Data extract:
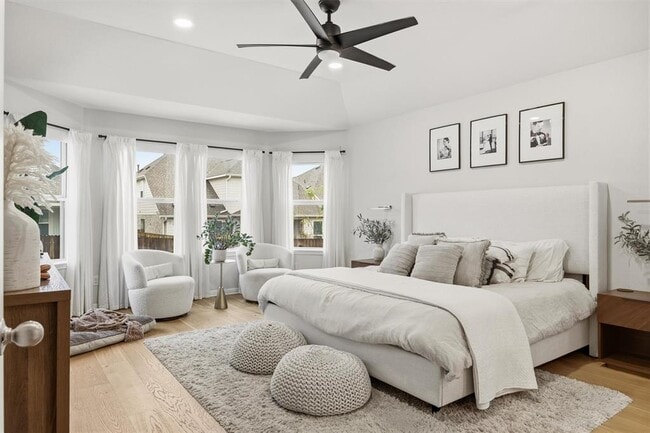 Photo - 6604 Coalinga Ln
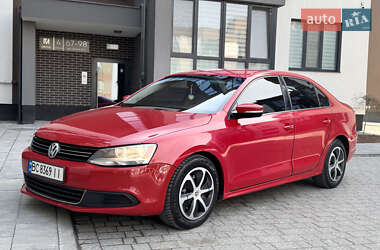 Седан Volkswagen Jetta 2013 в Львове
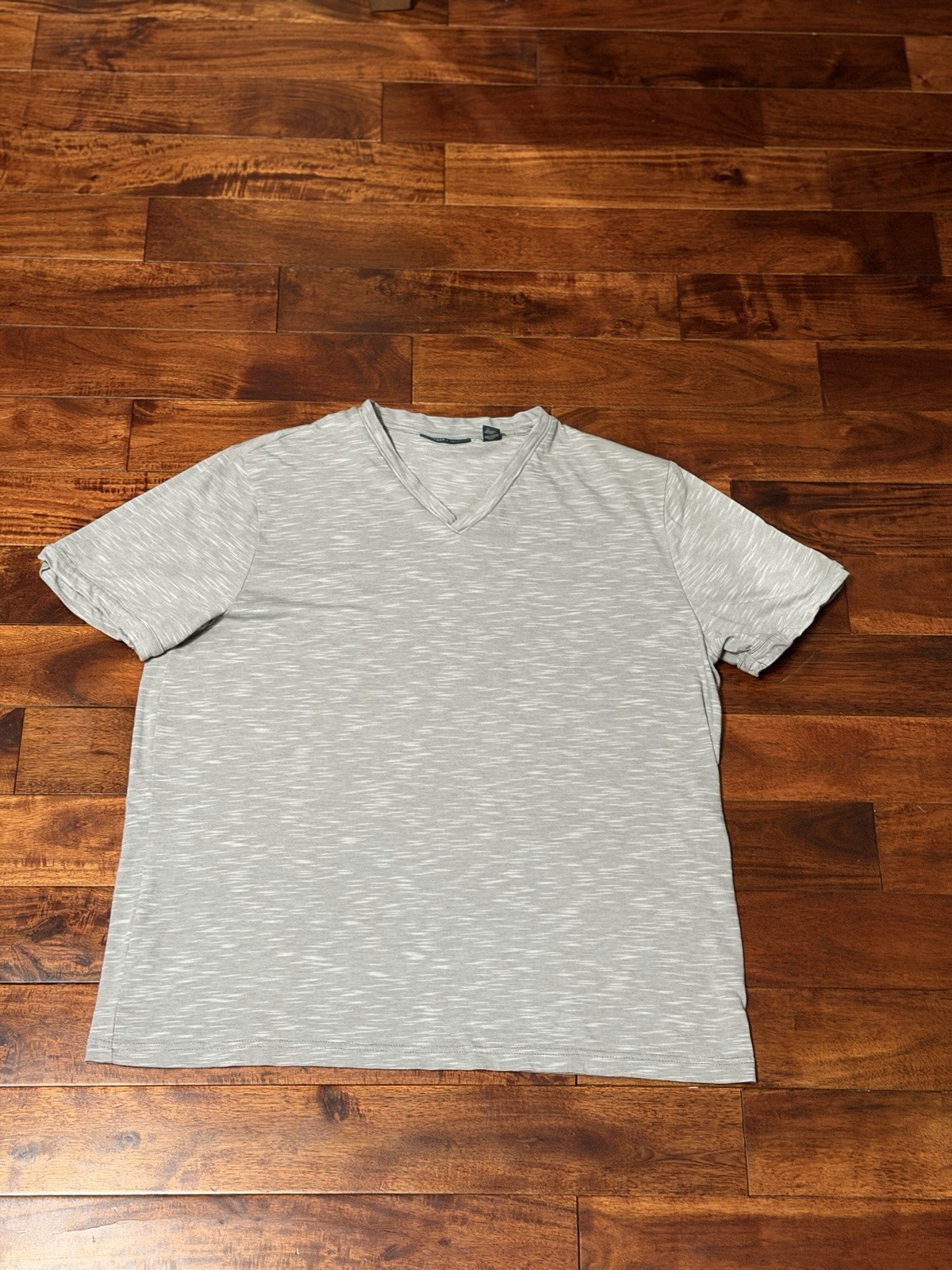 Perry Ellis Men’s Texture Slub V-Neck Tee Color Grayish Color Size XL gallery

Your assignment:
Each line from the one containing "Седан Volkswagen Jetta 2013 в Львове" through the last line above should be retyped exactly, and no other line. Any picture is to be left out.

Written solution:
 Седан Volkswagen Jetta 2013 в Львове
 Perry Ellis Men’s Texture Slub V-Neck Tee Color Grayish Color Size XL gallery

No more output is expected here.